Pro-regime rallies were staged on Friday in a few cities. They were likely orchestrated in part by state networks and the crowd’s slogans were tired.
Khamenei’s base has been eroding for years. Not just because of war, but because of the corruption of those closest to him, the deteriorating economy and what many view as his soft, confused response to Israel’s strikes and assassinations prior to the war.
“People see him blinking now,” said Faranak, an Iranian journalist in exile. “He looks like a tired old man clinging to something that’s already gone.”

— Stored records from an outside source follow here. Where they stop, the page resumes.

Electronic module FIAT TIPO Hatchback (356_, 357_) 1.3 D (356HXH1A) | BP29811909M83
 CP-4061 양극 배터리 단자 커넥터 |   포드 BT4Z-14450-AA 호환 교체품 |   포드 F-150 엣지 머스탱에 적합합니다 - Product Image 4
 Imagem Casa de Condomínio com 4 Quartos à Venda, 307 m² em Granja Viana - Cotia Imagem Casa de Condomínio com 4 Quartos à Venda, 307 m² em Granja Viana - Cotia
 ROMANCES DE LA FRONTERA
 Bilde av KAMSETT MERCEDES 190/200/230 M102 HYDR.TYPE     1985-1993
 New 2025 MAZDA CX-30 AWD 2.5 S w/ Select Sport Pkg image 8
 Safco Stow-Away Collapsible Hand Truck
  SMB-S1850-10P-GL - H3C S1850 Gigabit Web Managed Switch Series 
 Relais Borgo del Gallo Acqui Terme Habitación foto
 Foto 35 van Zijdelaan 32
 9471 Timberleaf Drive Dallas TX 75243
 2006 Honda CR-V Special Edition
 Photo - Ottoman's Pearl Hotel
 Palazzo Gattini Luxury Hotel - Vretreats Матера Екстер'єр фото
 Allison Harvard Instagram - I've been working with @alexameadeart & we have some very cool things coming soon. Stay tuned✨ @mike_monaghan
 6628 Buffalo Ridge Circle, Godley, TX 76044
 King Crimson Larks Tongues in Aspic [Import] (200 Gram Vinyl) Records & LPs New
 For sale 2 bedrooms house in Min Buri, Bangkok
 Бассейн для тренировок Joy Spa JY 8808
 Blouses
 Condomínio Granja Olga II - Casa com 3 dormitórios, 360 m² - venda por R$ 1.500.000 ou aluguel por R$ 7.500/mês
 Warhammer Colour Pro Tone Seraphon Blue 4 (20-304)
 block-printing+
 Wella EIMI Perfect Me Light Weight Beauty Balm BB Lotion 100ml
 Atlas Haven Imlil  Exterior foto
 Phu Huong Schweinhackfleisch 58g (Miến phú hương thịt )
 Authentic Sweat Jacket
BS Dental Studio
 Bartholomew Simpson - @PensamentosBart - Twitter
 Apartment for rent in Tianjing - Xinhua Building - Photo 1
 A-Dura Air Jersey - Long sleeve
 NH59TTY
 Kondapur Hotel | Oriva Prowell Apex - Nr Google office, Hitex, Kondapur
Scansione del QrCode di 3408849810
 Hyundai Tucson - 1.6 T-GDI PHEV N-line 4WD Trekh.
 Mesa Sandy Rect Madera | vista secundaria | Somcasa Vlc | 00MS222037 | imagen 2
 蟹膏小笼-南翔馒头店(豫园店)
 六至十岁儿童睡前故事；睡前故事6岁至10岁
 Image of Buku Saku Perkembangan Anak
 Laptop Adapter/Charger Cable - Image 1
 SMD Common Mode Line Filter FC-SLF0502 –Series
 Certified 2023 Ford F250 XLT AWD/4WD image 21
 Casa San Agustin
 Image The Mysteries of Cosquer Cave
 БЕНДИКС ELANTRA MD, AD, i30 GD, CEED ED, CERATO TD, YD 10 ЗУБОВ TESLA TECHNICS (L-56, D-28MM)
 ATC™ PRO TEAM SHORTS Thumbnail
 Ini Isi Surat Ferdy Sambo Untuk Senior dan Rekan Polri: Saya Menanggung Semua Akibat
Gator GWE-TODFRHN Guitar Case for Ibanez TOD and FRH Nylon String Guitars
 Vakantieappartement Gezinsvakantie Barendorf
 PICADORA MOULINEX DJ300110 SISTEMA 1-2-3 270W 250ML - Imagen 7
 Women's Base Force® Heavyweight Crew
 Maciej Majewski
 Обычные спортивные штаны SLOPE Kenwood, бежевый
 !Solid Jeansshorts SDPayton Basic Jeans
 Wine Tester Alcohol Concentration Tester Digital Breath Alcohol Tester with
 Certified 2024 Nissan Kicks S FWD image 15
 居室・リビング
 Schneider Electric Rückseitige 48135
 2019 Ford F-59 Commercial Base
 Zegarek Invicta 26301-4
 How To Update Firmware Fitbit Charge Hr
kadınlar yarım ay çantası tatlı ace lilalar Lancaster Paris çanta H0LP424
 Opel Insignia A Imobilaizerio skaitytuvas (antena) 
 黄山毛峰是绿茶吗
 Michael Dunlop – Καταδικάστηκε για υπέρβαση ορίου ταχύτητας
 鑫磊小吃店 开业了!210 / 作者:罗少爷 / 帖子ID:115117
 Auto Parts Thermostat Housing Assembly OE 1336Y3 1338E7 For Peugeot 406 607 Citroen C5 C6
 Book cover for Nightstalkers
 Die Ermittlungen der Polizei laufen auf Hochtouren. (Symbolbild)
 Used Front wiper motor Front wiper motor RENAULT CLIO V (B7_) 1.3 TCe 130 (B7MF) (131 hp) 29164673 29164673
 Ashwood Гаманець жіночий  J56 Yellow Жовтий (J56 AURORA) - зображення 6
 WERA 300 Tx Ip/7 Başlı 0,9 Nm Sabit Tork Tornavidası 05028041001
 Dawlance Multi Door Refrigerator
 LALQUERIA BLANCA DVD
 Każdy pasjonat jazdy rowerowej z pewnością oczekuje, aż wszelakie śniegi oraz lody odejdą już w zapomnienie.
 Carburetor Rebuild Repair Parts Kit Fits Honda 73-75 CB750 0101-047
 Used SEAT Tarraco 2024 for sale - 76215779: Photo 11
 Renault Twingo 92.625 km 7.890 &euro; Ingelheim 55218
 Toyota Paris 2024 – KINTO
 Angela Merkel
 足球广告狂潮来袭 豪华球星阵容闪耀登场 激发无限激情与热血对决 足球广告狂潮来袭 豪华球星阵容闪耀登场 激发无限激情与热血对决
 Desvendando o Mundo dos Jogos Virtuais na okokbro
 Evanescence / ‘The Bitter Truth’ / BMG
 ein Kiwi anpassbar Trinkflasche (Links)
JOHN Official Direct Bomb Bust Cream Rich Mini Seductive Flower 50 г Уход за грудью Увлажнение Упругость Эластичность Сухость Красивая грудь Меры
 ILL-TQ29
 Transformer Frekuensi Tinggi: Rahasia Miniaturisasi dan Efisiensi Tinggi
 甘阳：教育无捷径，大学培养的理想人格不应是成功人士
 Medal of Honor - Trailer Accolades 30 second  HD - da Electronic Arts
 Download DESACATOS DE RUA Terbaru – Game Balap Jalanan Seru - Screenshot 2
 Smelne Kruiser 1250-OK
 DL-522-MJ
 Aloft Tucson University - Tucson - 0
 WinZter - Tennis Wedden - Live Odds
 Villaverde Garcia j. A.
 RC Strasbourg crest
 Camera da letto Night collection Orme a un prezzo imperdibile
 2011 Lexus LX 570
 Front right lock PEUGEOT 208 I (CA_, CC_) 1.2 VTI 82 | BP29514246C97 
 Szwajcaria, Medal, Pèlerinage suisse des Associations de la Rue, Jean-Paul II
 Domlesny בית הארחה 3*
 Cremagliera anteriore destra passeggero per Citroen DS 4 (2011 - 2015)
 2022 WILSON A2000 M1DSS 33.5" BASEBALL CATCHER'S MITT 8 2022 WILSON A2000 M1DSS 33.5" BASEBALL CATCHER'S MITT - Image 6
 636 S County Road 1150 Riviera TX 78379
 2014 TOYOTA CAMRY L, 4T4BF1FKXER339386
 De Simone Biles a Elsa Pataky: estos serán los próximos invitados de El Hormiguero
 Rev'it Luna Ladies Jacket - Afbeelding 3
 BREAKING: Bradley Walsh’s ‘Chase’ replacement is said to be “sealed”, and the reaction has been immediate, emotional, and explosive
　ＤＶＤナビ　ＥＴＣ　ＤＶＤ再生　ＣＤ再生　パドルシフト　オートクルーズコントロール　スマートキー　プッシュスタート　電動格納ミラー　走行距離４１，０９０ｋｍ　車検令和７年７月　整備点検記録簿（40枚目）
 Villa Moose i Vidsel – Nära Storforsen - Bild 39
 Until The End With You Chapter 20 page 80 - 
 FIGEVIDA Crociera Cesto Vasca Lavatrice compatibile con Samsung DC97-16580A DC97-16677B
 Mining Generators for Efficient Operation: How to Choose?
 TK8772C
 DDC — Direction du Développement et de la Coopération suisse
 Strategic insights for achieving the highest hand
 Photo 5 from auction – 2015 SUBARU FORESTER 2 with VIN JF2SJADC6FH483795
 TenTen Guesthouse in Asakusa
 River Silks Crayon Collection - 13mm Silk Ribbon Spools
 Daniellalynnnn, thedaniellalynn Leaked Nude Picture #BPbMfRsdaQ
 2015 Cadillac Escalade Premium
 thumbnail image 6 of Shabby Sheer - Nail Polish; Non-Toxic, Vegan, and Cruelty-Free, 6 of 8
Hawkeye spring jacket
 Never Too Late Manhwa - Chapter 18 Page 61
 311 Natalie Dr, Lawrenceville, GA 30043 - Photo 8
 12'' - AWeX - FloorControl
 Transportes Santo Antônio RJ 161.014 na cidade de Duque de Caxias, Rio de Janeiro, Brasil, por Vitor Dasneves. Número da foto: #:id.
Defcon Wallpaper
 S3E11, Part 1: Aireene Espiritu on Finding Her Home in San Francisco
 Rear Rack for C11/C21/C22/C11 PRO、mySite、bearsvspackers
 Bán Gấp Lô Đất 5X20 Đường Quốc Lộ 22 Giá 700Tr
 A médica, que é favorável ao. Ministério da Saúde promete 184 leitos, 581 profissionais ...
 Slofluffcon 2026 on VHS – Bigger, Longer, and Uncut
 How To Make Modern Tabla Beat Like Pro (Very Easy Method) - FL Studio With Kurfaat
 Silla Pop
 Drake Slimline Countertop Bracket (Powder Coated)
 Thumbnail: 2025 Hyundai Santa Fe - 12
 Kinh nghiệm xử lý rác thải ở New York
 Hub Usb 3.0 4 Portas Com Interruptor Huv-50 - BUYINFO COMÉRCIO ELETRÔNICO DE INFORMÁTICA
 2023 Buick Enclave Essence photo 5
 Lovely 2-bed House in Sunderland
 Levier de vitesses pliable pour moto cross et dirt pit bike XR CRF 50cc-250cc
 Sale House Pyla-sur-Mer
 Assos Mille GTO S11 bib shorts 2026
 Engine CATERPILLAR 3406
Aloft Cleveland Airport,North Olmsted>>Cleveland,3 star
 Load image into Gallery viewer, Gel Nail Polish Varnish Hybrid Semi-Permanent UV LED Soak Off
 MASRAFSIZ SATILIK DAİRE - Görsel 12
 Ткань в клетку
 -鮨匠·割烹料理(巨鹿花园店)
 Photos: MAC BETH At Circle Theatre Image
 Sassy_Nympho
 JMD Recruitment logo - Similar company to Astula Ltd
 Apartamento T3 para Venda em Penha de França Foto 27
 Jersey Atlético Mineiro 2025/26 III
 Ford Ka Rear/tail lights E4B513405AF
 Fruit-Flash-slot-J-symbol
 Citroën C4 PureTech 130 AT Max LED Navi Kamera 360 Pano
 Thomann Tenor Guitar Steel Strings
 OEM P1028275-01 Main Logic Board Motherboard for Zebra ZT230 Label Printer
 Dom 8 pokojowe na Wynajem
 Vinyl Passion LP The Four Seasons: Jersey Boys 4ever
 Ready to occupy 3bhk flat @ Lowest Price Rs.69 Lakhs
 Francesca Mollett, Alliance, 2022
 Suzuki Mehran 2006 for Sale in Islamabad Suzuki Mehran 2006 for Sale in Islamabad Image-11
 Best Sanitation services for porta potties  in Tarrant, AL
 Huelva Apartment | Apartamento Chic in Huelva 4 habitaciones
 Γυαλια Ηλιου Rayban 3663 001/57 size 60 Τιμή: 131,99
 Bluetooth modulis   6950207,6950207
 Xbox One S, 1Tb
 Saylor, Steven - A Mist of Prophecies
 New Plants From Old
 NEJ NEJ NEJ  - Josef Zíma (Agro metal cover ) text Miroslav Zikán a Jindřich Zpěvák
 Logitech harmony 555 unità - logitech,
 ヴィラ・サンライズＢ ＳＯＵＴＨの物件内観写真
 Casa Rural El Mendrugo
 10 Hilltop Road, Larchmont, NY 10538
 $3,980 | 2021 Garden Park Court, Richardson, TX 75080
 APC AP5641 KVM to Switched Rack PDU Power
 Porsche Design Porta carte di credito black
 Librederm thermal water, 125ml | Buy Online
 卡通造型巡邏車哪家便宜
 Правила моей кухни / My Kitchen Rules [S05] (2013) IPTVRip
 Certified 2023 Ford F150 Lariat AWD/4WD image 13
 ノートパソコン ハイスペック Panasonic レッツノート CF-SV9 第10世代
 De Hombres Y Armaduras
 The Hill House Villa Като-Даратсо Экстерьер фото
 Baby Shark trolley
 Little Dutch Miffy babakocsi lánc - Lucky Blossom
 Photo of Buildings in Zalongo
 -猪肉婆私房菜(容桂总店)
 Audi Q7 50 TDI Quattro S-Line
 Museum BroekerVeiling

In one of his latest online posts, Bahman, the bookseller, wrote: “Still here. Still open. We’re alive. We still have tea.” It’s not bravado. It’s resilience. A quiet insistence on being human – even as the state dehumanises.
The regime still arrests women for hijab violations. It still blocks VPNs and jails dissidents. But these acts now feel hollow, desperate – the gestures of a government acting out its past because it can no longer imagine its future.
The Islamic Republic may not fall this week, or next. But something has broken. The spell is gone. Khamenei cuts the figure of a man displaced by time – a supreme leader with no command, and no one left to truly follow. He is still in power. But power is no longer belief. It is no longer a myth. It is no longer enough.